K – İktidar, ilgilendirdiği kesim açısından çok küçük ve “marjinal” kabul edilebilecek tepkilerin bile sokağa inecek geniş çaplı bir muhalif harekete dönüşmesinden çok korkuyor. Dolayısıyla başta bu tür “hak arama” çabalarını “çözmüş” görüntü verecek “ara çözüm”lere başvuruyor. Ancak kaynak olmadığı için iş vaatlerini gerçekleştirmeye gelince “acı gerçekle” karşı karşıya kalınıyor.
GÖZLEM – Ankara Cumhuriyet Savcısı, eski Ankara Büyükşehir Belediye Başkanı Melih Gökçek’in, Ankara Büyükşehir Belediye Başkanı Mansur Yavaş için kullandığı “Çapsız” ifadesini “eleştiri” kabul edip “Kovuşturmaya gerek yok” kararı verdi.
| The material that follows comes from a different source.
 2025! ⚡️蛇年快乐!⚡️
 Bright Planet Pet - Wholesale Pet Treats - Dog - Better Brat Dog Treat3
Aynı savcı, AKP’li Mamak Belediye Başkanı Murat Köse’ye sosyal medya hesabından “Çapsız” diyen bir yurttaşın sözlerini “hakaret” sayarak yargılanmasını istedi. Bu nasıl bir “adalet” anlayışıdır?
K – Buna hiç şaşırmıyorum. Artık yargının belli kilit noktalara getirilmiş bazı üyelerinin tamamen iktidarın yönetim ve komutasında olduğunu biliyoruz. Ancak bu “haksızlık”ların birikerek, özellikle kararsız seçmenin nezdinde “artık bu kadar da olmaz” şeklinde bir hissiyata dönüştüğünü ve bu “hissiyatın” seçimlerde bir karşılık bulacağını düşünüyorum.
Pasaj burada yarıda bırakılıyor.